The Supreme Court observed on Thursday during hearings on a number of petitions contesting the 103rd Constitution Amendment, which mandates a 10% quota for economically weaker sections, that “we are still living in a culture that classifies persons and groups as caste” (EWS).
In response to arguments put up on behalf of the state of Andhra Pradesh, the Constitution bench headed by Chief Justice of India UU Lalit made the comment.
In support of the modification, senior advocate Niranjan Reddy, speaking on behalf of the state, argued that it is not unlawful to exclude socially and educationally disadvantaged sections from the EWS quota even though they already receive accommodations.
Reddy was replying to the petitioner’s claims that it was unfair for backward classes not to receive reservations under the EWS category.
Reddy stated that reserves are by definition exclusive. The Constitution has been designed to prevent one given category from being subject to further vertical reservations once there is a vertical reserve.
Since a vertical EWS is currently being developed, whomever is furnished first would be excluded from the reservation, Reddy added.
According to him, people who have previously received quotas under provisions will not be eligible for double reservations, and excluding them would not be against the legislation on equality.
The bench, however, stated that using this reasoning, it may be argued that the open category is likewise exclusively available to individuals who are not reserved and do not fall under any specific group.
The bench also stated that the SC’s ruling in the Champakam Dorairajan case rejected the notion that there might be a compartment that is completely impenetrable for groups, regions, and divisions for which there is no reservation at all. However, it was widely believed that anybody and everyone may compete everywhere there isn’t a reservation.
Justice Ravindra Bhat said, “We are still living in a culture that categorises individuals and social groups as belonging to a caste.

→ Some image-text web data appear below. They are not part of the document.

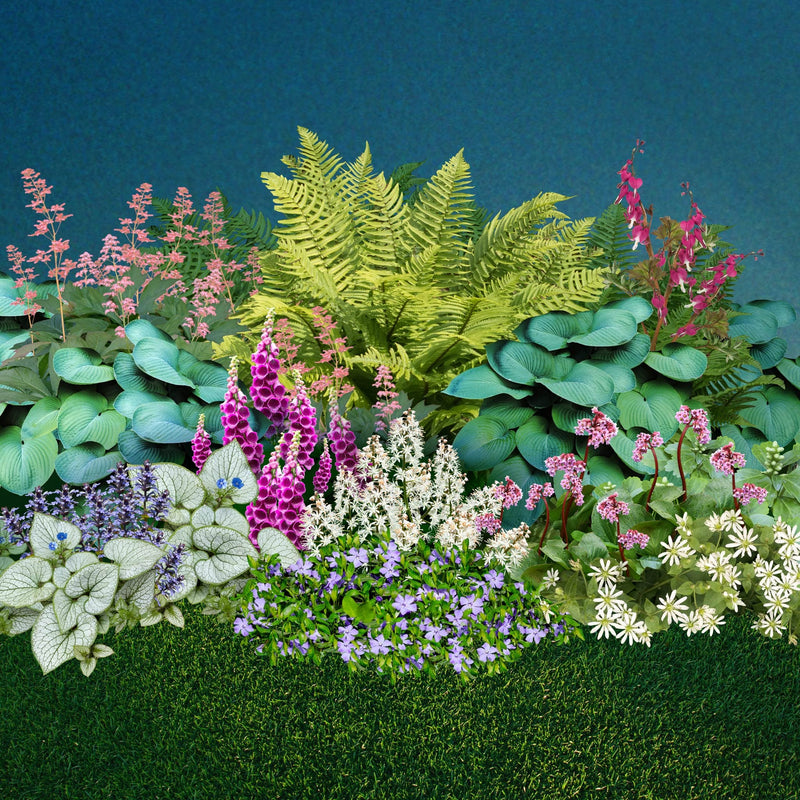 Collage van planten met paarse, roze en witte bloemen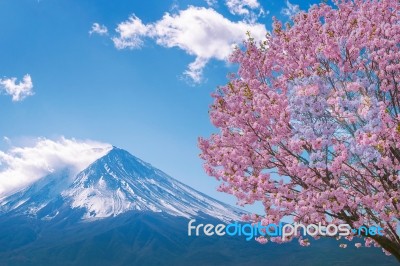 Fuji Mountain And Cherry Blossoms In Spring, Japan Stock Photo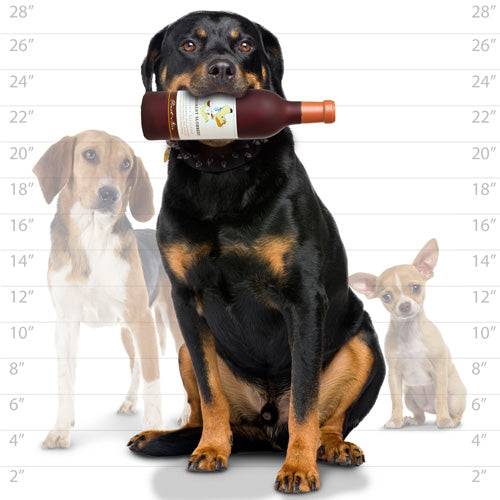Silly Squeakers®  Wine Bottle - Grrrobert Slobbery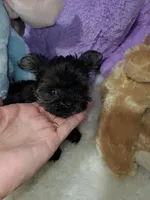Tiny Pipa, a female Yorkshire Terrier for sale in Orlando, FL – 2 of 5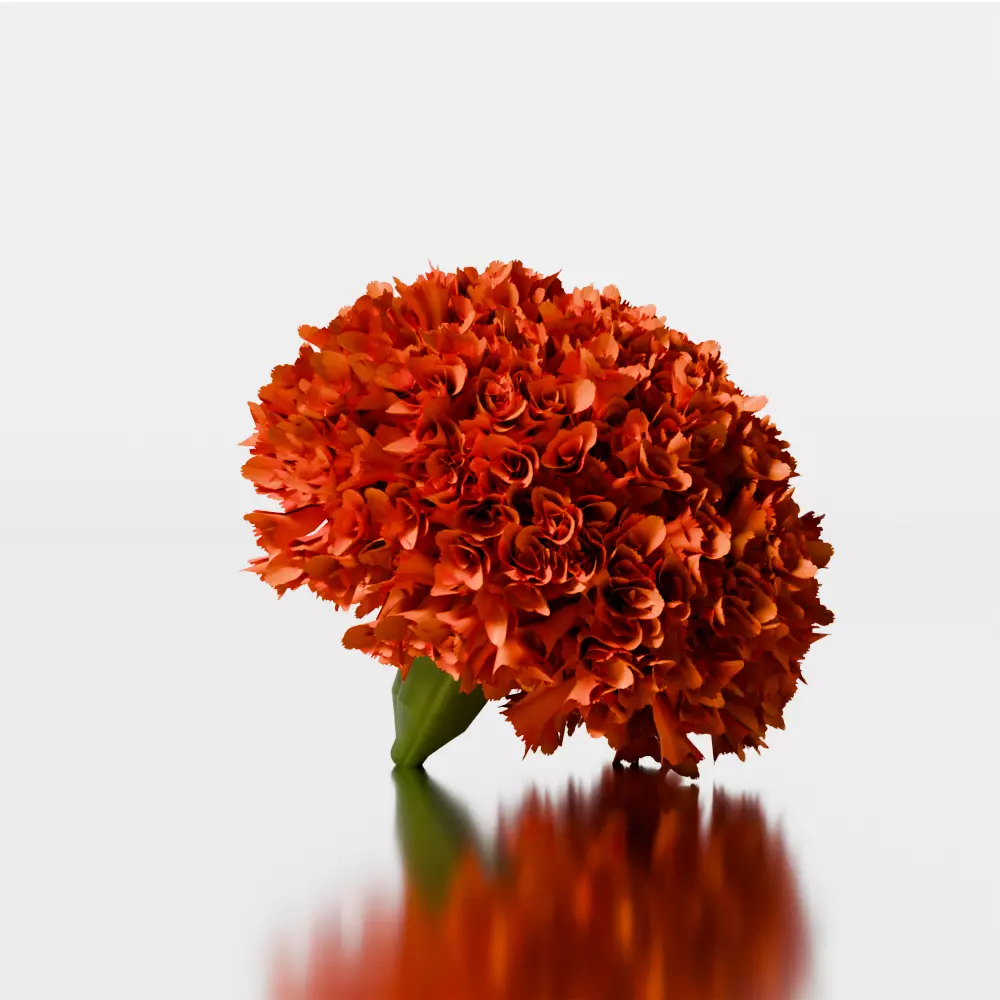 puja props and sweets thali setup Low-poly 3D model_36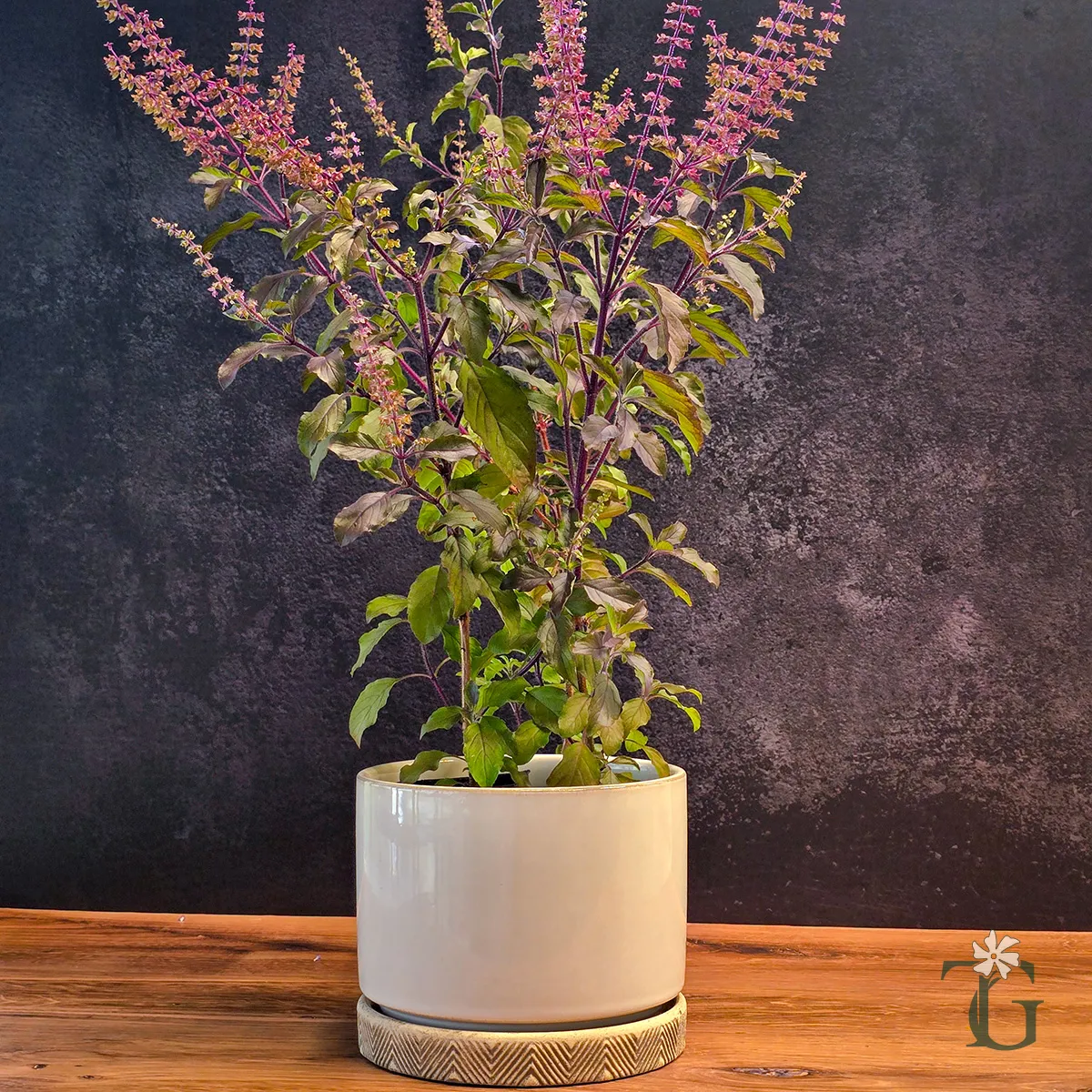 Krishna Tulsi (Purple Holy Basil)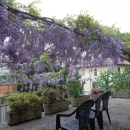 PERUGIA (PG)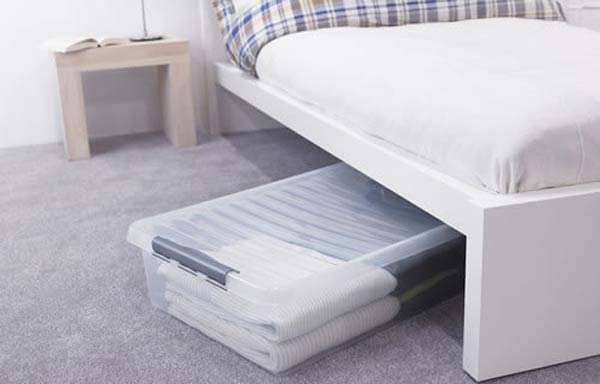 bed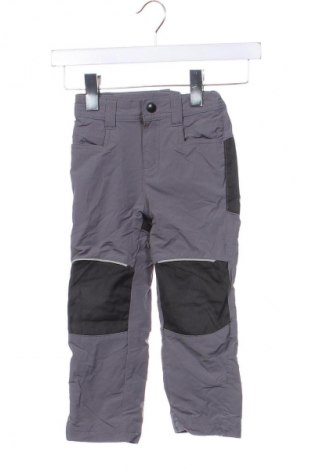 Spodnie dziecięce do sportów zimowych Crane, Rozmiar 2-3y/ 98-104 cm, Kolor Szary, Cena 133,99 zł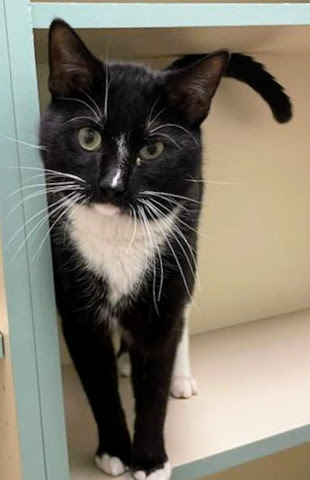 Tux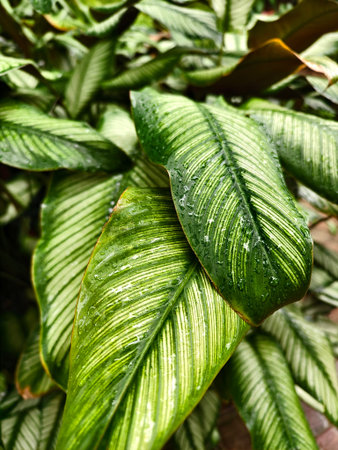 Glossy variegated leaves with pronounced veins, overlapping tropical foliage with striped patternsの写真素材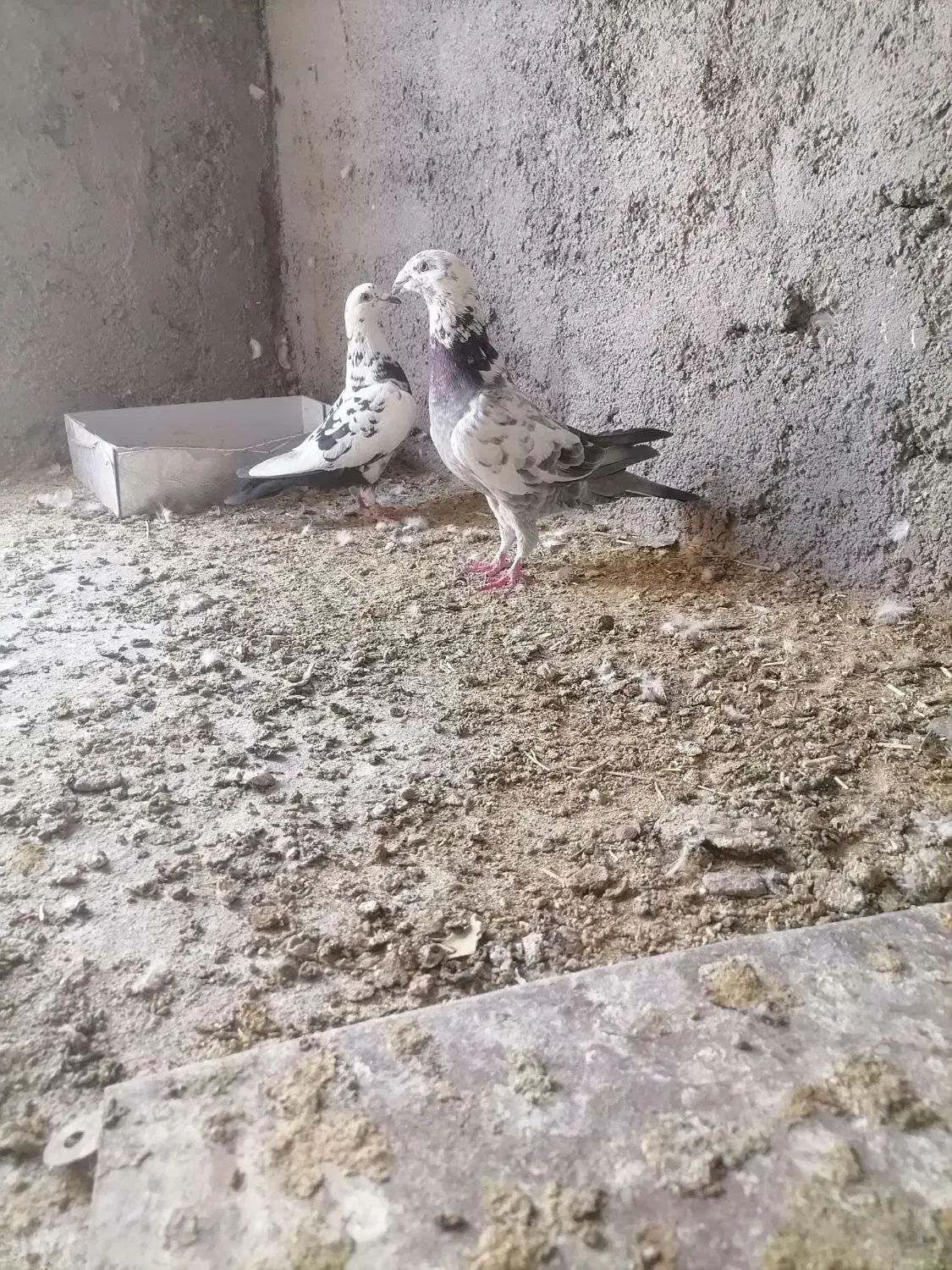 کبوتر کفتر|پرنده|رشتخوار, |دیوار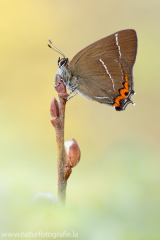 832 Ulmen-Zipfelfalter - Satyrium w-album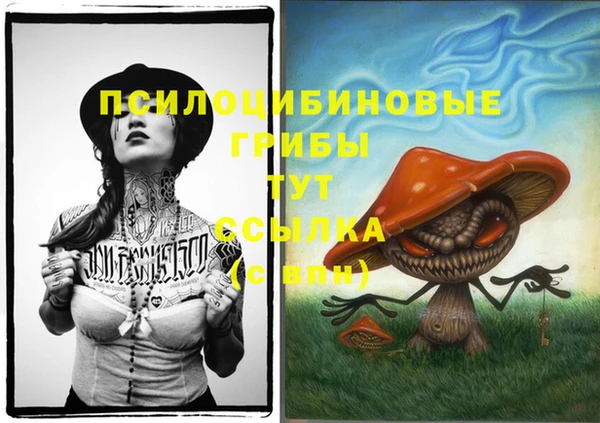 таблы Переславль-Залесский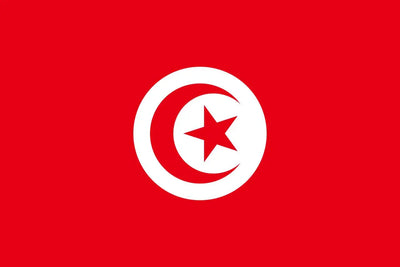 [Custom Logo] Tunisian flag-Kendo Zekken Position1(Left side of "TUNISIA")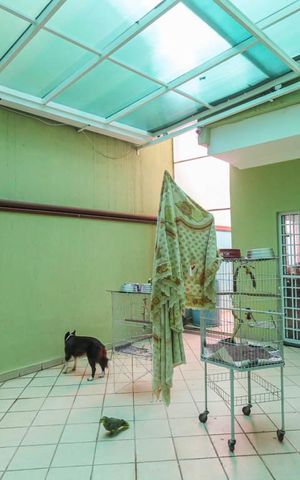 Casa à venda com 500m², 3 quartos e 2 vagas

During the hearing, Reddy further argued that each member of the backward class who had previously been granted provisions under Articles 15(4) and 16(4) had an opportunity quotient that was greater than theirs due to the individual-centric opportunity of both open seats and backward class seats.
In contrast to a general category candidate who is now compelled to give 60% to the reserved category, he contended that a member of the backward class only has to cede 10% after EWS reservations.
He contended that the state’s 50% restriction on reservations for underprivileged groups, which leaves 50% open for the general category, cannot be rigidly applied.
“With so many moving pieces, this equilibrium cannot be static. In a country like India, society is so turbulent and dynamic that everything is always changing. The equilibrium must therefore be moving as well. It cannot always be a fixed, inflexible 50%, claimed Reddy.
The senior attorney further emphasised how these EWS reservations are being done separately and are the sole action being taken for the general category’s depressed portions.
“Is it so immoral, is it so twisted that it will go to the root of Constitution modification if the Parliament considers that it aims to balance sets of opposing values and interests in this manner?’ Reddy concluded by saying.